Non è cosa che mi farà passare il sonno, ma mi sarebbe piaciuto se Giorgio Dell’Arti avesse fondato la propria affermazione su qualche elemento. Così siamo di fronte a una ingiustificata offesa. Comunque, ho trovato anche qualcosa di peggio (sempre in rete). Nel sito «Nonciclopedia» questa è la definizione del pensatore genovese: «Giuseppe Mazzini è una famosa scuola media statale di Roma, nonché un patriota e politico italiano, che dalla scuola media ha preso il nome. È stato un pericoloso latitante, ricercato per lunghi anni dalla polizia dell’epoca con l’accusa di essere un sovversivo, un rivoluzionario e una testa di (…)». Ovviamente, l’intento è ironico, anche Johann Paul Friedrich Richter ricordava che «l’ironia e l’intelligenza sono sorelle»… E questa è (comunque) la straordinaria conferma del fatto che in quel fantastico frullatore di idee che è la rete ciascuno può dire quello che vuole.
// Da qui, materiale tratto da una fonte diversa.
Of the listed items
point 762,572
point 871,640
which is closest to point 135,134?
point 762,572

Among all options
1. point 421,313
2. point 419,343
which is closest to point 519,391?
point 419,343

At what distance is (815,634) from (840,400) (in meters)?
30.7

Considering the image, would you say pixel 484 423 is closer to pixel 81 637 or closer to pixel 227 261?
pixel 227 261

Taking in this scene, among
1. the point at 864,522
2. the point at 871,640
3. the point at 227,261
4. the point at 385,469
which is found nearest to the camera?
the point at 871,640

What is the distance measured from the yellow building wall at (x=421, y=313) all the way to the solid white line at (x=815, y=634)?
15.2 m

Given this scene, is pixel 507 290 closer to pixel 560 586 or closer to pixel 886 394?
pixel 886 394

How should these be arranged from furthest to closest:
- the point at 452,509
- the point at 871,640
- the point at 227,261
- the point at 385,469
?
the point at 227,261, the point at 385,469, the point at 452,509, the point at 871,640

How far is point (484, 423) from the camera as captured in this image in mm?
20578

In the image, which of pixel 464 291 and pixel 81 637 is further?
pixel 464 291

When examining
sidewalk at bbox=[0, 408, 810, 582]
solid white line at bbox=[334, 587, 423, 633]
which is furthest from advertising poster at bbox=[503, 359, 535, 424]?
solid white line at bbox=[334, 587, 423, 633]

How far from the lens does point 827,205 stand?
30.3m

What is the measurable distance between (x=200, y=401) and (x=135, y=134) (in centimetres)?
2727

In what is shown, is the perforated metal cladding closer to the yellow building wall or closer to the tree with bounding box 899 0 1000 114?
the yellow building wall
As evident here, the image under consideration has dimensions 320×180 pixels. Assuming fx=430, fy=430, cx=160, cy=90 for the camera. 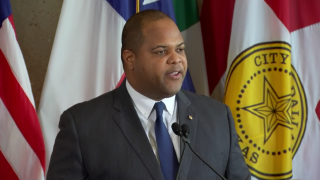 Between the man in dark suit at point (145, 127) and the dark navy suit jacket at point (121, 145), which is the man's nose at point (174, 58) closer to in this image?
the man in dark suit at point (145, 127)

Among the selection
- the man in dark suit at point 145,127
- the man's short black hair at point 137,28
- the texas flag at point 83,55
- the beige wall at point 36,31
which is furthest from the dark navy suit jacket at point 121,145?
the beige wall at point 36,31

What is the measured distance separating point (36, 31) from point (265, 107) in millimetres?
1357

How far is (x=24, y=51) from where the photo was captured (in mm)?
2490

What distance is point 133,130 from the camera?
62.1 inches

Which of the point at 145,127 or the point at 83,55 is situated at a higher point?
the point at 83,55

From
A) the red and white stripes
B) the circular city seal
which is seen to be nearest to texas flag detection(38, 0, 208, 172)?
the red and white stripes

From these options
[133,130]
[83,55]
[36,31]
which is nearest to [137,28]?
[133,130]

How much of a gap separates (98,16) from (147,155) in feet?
3.27

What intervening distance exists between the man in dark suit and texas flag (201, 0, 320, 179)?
22.8 inches

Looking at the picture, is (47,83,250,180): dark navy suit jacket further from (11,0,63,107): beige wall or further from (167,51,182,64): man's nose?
(11,0,63,107): beige wall

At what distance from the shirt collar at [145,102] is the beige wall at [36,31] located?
1.02 m

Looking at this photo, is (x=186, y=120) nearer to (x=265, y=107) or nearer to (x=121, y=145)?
(x=121, y=145)

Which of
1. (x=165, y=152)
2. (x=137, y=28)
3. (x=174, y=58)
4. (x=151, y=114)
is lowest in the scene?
(x=165, y=152)

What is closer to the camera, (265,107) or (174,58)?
(174,58) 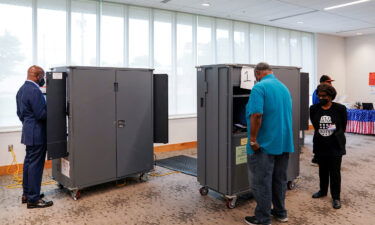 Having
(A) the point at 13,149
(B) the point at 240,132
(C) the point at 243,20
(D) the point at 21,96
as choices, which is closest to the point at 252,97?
(B) the point at 240,132

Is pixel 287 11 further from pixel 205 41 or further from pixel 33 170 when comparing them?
pixel 33 170

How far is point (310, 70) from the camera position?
8.43 metres

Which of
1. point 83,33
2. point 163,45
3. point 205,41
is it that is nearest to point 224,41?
point 205,41

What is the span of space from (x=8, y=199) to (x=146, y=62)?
10.3 feet

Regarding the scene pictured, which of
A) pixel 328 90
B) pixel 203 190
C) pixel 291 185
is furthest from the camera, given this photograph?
pixel 291 185

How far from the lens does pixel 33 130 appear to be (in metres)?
3.16

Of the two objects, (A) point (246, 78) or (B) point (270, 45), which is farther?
(B) point (270, 45)

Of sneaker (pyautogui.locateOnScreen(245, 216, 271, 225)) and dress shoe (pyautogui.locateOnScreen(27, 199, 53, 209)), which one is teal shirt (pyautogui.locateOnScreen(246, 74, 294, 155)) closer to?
sneaker (pyautogui.locateOnScreen(245, 216, 271, 225))

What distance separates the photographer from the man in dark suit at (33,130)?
3129 mm

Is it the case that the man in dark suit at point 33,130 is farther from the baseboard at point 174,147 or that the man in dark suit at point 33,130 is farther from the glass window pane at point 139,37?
the baseboard at point 174,147

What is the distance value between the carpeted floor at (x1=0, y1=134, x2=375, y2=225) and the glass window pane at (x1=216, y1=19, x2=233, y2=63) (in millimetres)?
3166

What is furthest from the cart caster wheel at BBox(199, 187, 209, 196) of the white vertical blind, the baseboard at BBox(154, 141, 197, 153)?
the white vertical blind

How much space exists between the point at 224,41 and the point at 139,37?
1.96 meters

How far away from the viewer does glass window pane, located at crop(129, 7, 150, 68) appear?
17.8 feet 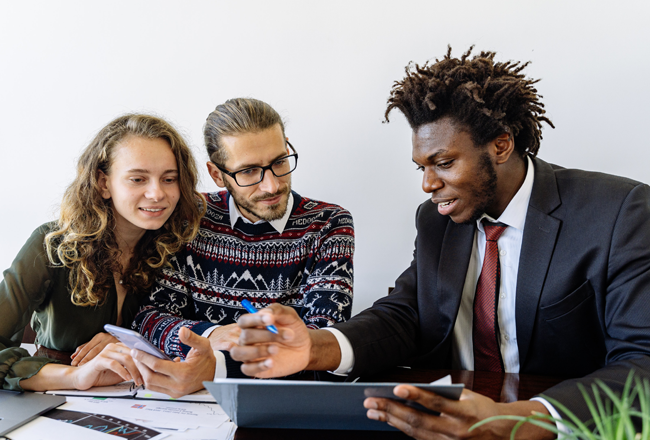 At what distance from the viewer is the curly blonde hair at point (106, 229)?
5.46 feet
La speranza è solo che la capacità critica accompagni chi lo ascolta.
P.S. Dopo aver consultato la parte iniziale della pagina dedicata a Mazzini nel portale sopra citato, leggo che l’estensore del profilo scrive anche: «prima di conoscere Giuseppe Mazzini, i fratelli Bandiera si esibivano con le loro sorelle (le sorelle Bandiera) sui palcoscenici del Granducato di Gazzo Veronese imitando versi di animali in calore». Forse a qualcuno farà sorridere. A me no. Ma, probabilmente, sono di gusti un po’ difficili.